Giuri davanti alla storia di curare ogni paziente con scrupolo e impegno, senza discriminazione alcuna, promuovendo l’eliminazione di ogni forma di diseguaglianza nella tutela della salute.

Poi un giorno ti appresti a salvare la vita di qualcuno che in cuor tuo non merita di vivere.

Lo apri, cerchi comunque di riparare il danno perché sai che è la cosa giusta.

Compiuta la missione sei cosciente che la giustizia divina, per fortuna, non ti appartiene.

Ho sempre avuto un’idea chiara su cosa sia bene e cosa male.

Da una parte i delinquenti, dall’altra le forze dell’ordine.

Con il tempo la parola ordine ha suscitato in me una certa idiosincrasia.
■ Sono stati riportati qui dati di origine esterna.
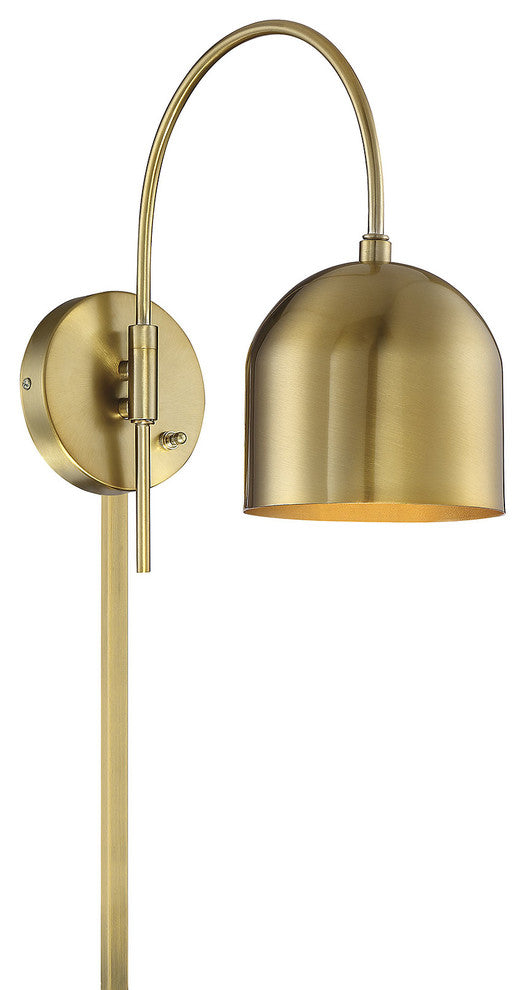 1-Light Adjustable Wall Sconce, Brass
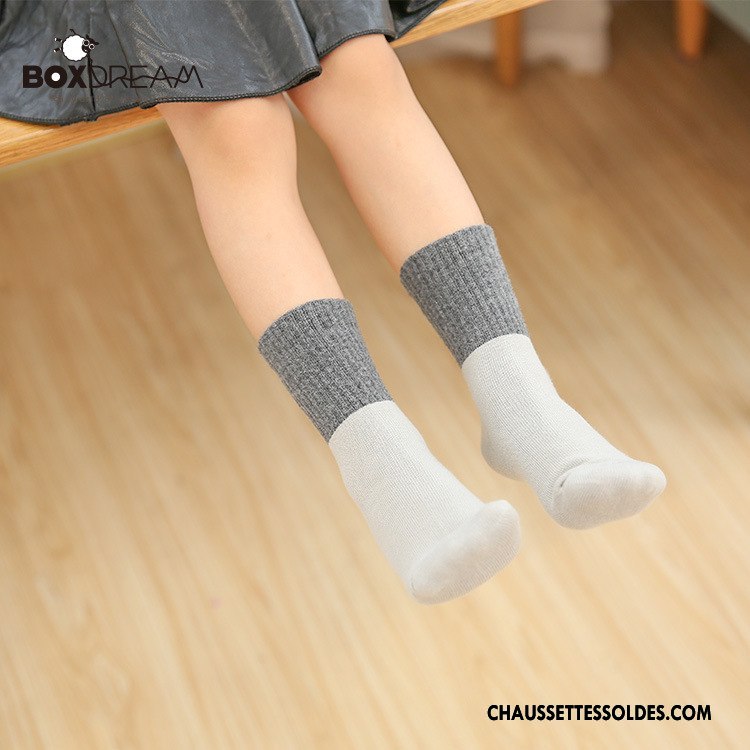 Chaussettes Mi Hautes Fille Le Nouveau Enfant Homme Mode Chaussette Courte Bébé Couleurs Mixtes Jaune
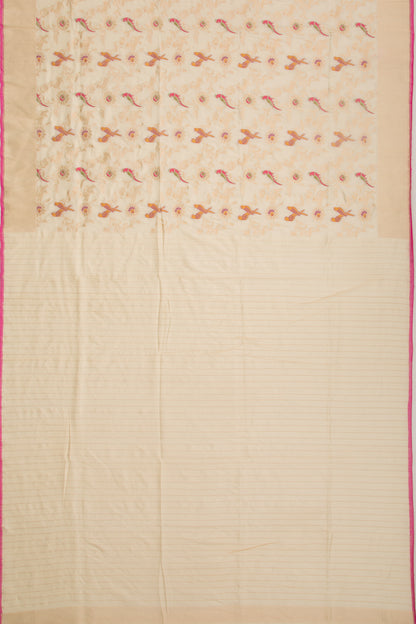 Banarasi Silk Jaal Cream Saree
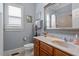 Bathroom with vanity, mirror, and tiled shower at 1525 Marshall Farm St, Wake Forest, NC 27587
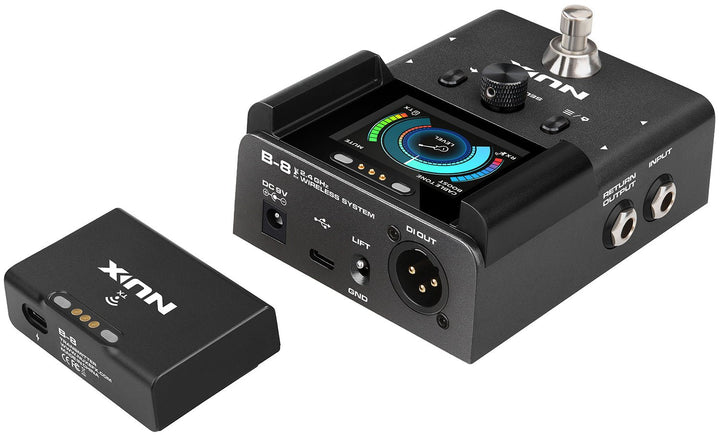 NUX B - 8 2.4GHz Instrument Wireless System with Pedal Receiver, Rechargeable Transmitter, and Multi - Function Features - Ev - Entz Music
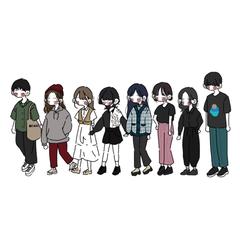 ゆるい雰囲気の人物イラスト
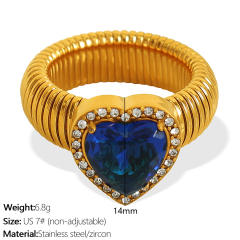 Chunky colorful cubic zircon heart diamond stainless steel finger rings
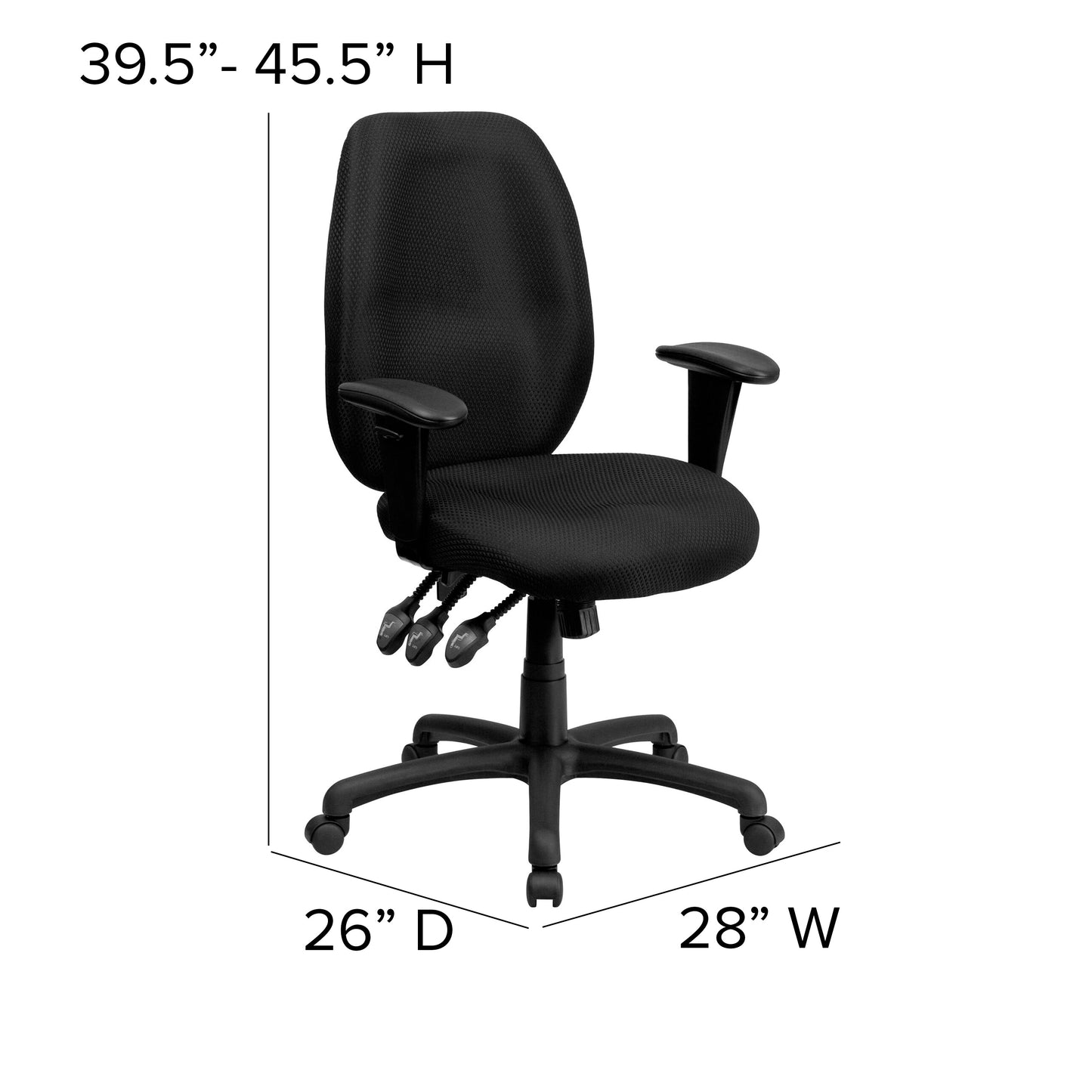 Black High Back Fabric Chair BT-6191H-BK-GG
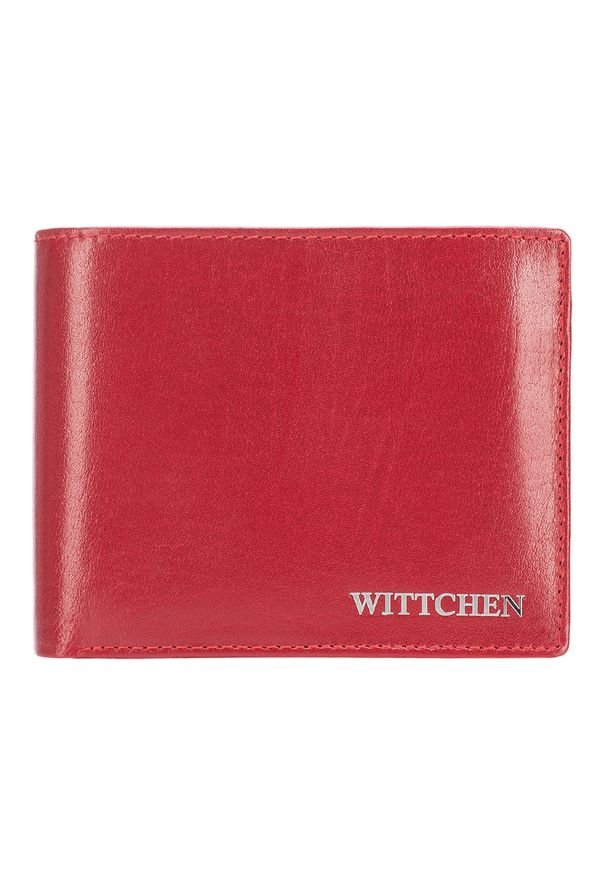 Wittchen - Damski portfel ze skóry niezamykany. Kolor: czerwony. Materiał: skóra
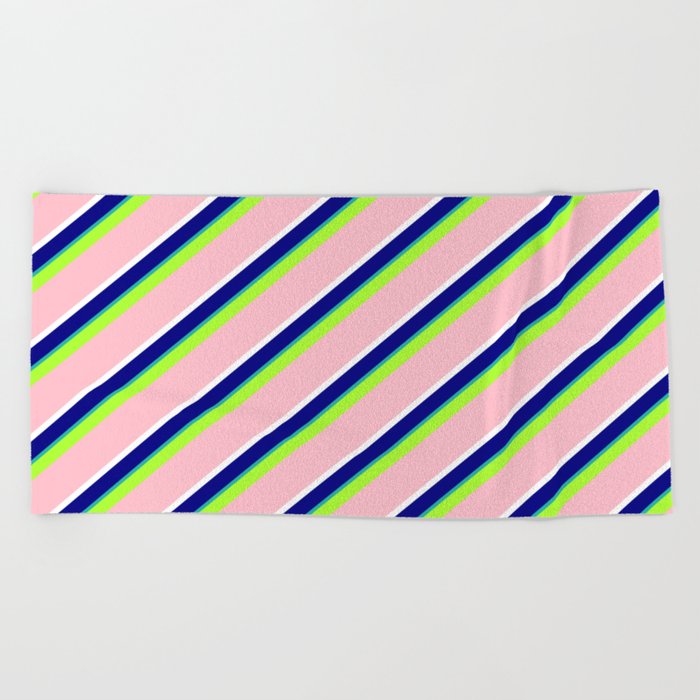 Vibrant Light Green, Pink, White, Blue & Light Sea Green Colored Lined/Striped Pattern Beach Towel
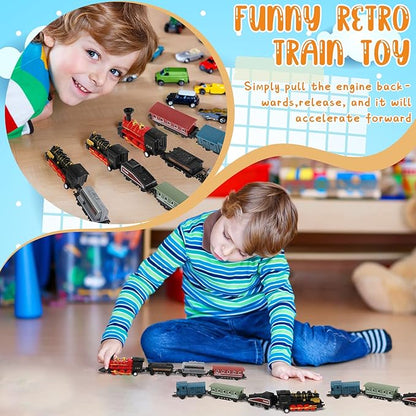 Hanaive 2 Sets Train Toys Small Alloy Retro Simulation Steam Pull Back Train Model Diecast Locomotive for Boys Girls Birthday Party Favor Classroom School Reward Gifts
Mettere in ordine la scrivania è necessario, mettere ordine nella società mi crea ansia.

Per questo motivo da tempo diffido di coloro che parlano di ordine come di una condizione indispensabile per vivere bene.

L’ordine deve esistere in ciascuno di noi, non al di fuori.

Se ciascuno utilizzasse le armi di cui dispone con coscienza – penna, bisturi o pistola che siano – non sentiremmo l’impellenza che qualcuno ci debba ricordare quali siano i buoni e i cattivi.

Ho voluto fare ordine tra le mie parole.